- Supreme Court of the United States

Argued November 8, 2011 Decided January 10, 2012
- Full case name: Smith v. Cain
- Citations: 565 U.S. 73 (more)

Holding
- A witness's statements are "plainly material" under Brady when they are the only evidence linking the defendant to the crime.

Court membership
- Chief Justice John Roberts Associate Justices Antonin Scalia · Anthony Kennedy Clarence Thomas · Ruth Bader Ginsburg Stephen Breyer · Samuel Alito Sonia Sotomayor · Elena Kagan

Case opinions
- Majority: Roberts, joined by Scalia, Kennedy, Ginsburg, Breyer, Alito, Sotomayor, Kagan
- Dissent: Thomas

Laws applied
- U.S. Const. amend. XIV

= Smith v. Cain =

Smith v. Cain, 565 U.S. 73 (2012), is a United States Supreme Court decision in which the court held that a witness's statements are "plainly material" under Brady v. Maryland when they are the only evidence linking the defendant to the crime. Therefore, the prosecution was required to turn over the information during discovery.

== Facts ==
The defendant, Juan Smith, was convicted of murdering five people during an armed robbery based upon the testimony of a single witness. Smith appealed the verdict because the prosecution failed to disclose statements made by that witness to an investigator prior to trial that the witness:

- could not provide a description of the robbery perpetrators other than that they were black males;
- could not identify anyone because he could not see their faces; and
- would not know the robbers if he saw them.

All Louisiana state courts rejected Smith's appeal and the Supreme Court granted certiorari.

== Holding ==
The issue before the Court was whether or not the suppressed statements by the sole witness were material under Brady v. Maryland. If so, the prosecution had violated Smith's due process rights. The Court held that they were.
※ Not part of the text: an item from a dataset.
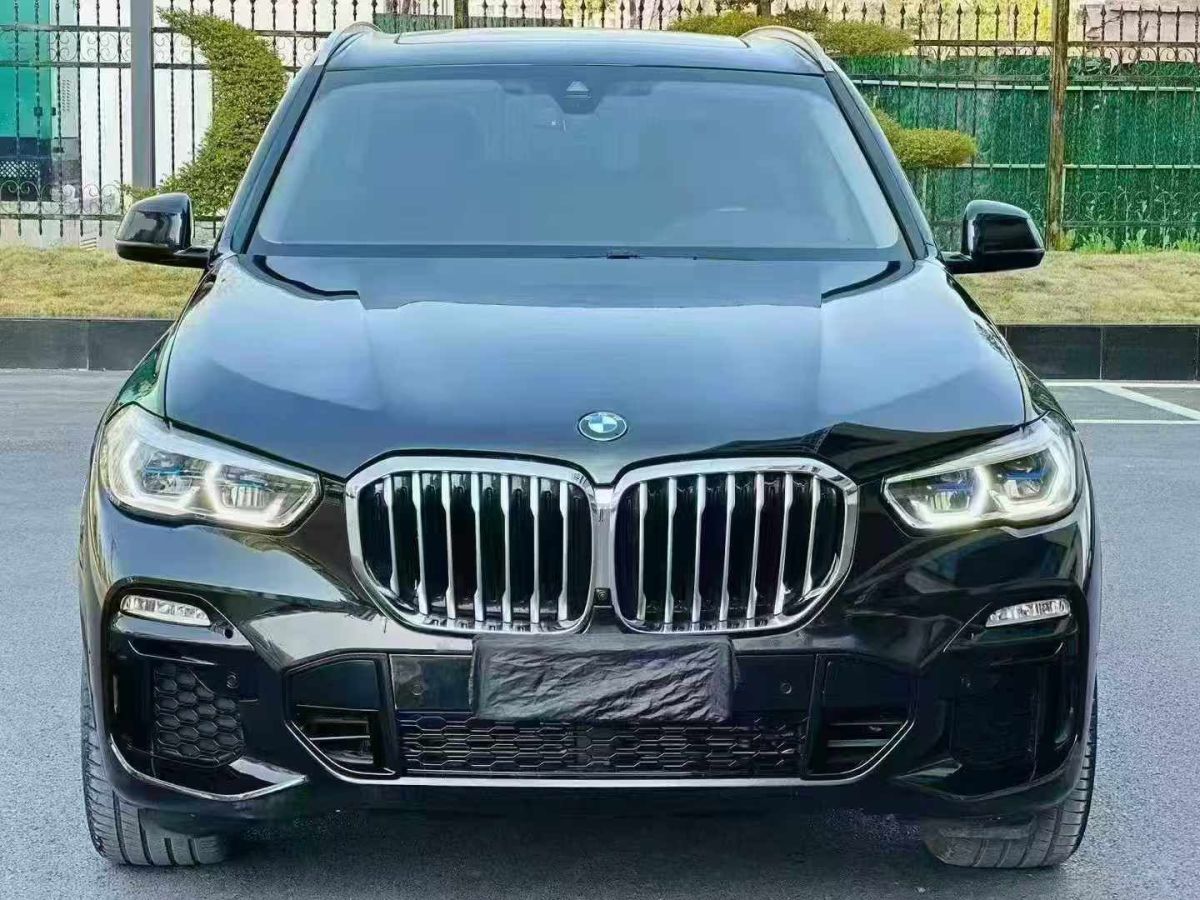 寶馬 寶馬X5  2021款 xDrive30i X設(shè)計(jì)套裝圖片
The Court began its analysis recounting the standard on materiality set forth in United States v. Bagley, which states that evidence is material when "there is a reasonable probability that, had the evidence been disclosed, the result of the proceeding would have been different." As the Court explained, quoting Kyles v. Whitley, the "reasonable probability" standard looks to whether "the likelihood of a different result is great enough to 'undermine confidence in the outcome of the trial.'”

The Court stated that the witness's statements were "plainly material," because they were the only evidence linking the defendant to the crime.